Kam konnte den Blick nicht von ihrem Gesicht abwenden. Hätte man ihn später, nachdem er schon eine Stunde in ihrer Wohnung verbracht hatte, gefragt, wie das Apartment aussah, wäre er nicht in der Lage gewesen, es auch nur andeutungsweise zu skizzieren. Derart versunken war er in Lin Soong. Dieser üppige, knospige Mund musste von ihm geküsst werden, geleckt … verwüstet werden, die weiche Haut lag vor ihm da, um gestreichelt und geküsst zu werden, die süßen, aufgerichteten Brüste warteten darauf, dass er darin versank, dass er mit seinem Mund, seinen Lippen, seiner Zunge ihr eine ausgiebige Antwort entlockte …

… zumindest für einen kleinen Moment. Ohne ein Wort zu sagen, zog er sie aus. Er schälte sie aus dem Mantel und warf ihn nachlässig über einen Stuhl, zog ihre dünne Strickjacke über ihre Schultern und den Kopf und warf sie auf die Matratze. Damit verwuschelte er ihr Haar nur noch mehr. Er tauchte seine Finger in die aufgewühlte Masse an ihrem Hinterkopf, fand drei lange, hölzerne Haarnadeln und zog sie heraus. Fort damit. Die Nadeln flogen ein kleines Stück, bis sie mit einem Klacken auf dem Nachttisch landeten, ein wenig weiter rollten und dann liegen blieben. Keinen Moment ließ er sie aus den Augen. Eine nachtschwarze Haarmähne wölbte sich um ihre weißen Schultern. Mit beiden Händen packte er sie und wühlte seine Finger durch die Locken. Dann legte er die Strähnen vorsichtig über ihren Rücken und die Oberarme.

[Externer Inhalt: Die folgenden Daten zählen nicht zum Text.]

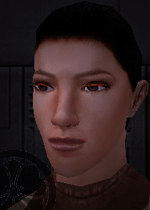 Aaida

»Ich habe noch nie eine Asiatin mit lockigen Haaren gesehen. Das sieht wunderschön aus«, murmelte er, abgelenkt von dem Gefühl der Strähnen, die sich um seine Finger wanden. Ihr Haar war leichter, als er es nach dem ersten Blick vermutet hätte angesichts der Menge, die sie hinter ihrem Kopf zusammengesteckt hatte. Ihm stieg der Duft der befreiten Haare in die Nase – fruchtig, blumig, moschusartig und sinnlich. Die Strähnen wirbelten um seine rauen Finger und fühlten sich an wie eine Kombination aus Seide und Luft.

»Das gibt es wirklich nicht oft. Und die Feuchtigkeit macht alles noch schlimmer«, erklärte sie heiser. Mit ernstem Blick aus dunklen Augen sah sie zu ihm auf.

Sein Kiefer spannte sich an, als er sich daran machte, ihren BH zu öffnen. Die Anspannung übertrug sich auf seinen ganzen Körper. Der enganliegende Büstenhalter verriet ihm die Form, und sie würde wundervoll sein. Nachdem er ihr den BH abgestreift hatte, konnte er einen Moment lang nur hinstarren, Lust und etwas Scharfes und Unerwartetes zogen ihm Kehle und Schwanz zusammen. Als schließlich wieder Luft in seine Lunge gelangte, entströmte ihm ein raues, unkontrollierbares Stöhnen.

»Lin«, konnte er nur sagen, als er seine Hand über ihrer Brust öffnete und die delikate Linie ihrer Wölbungen, ihres rasch schlagenden Herzens, ihrer Weichheit, ihrer Hitze spürte. Er hatte sich nicht geirrt. Er konnte sie mit seiner Hand fast umschließen. Er schob Lin weiter über die Bettdecke und legte sich zu ihr. Ihre Münder vereinten sich, noch heiß und gierig vom ersten Kuss. Schon vorher war ihm aufgefallen, dass sie mit ihrer schlanken Figur und Schmächtigkeit für eine Frau recht groß war. Sie passten ideal zusammen. Er legte eine Hüfte auf dem Bett ab, doch sie schmiegte sich augenblicklich wie ein Kätzchen, das Wärme sucht, an ihn und umschloss seinen schmerzenden Schwanz mit ihren Oberschenkeln. Dieser Beweis der erwiderten Leidenschaft entflammte ihn zusätzlich.

Er rollte sich auf sie, drückte sie in die Matratze und überfiel ihren Mund. Mit einem Mal war er viel zu hungrig, um noch höflich zu bleiben.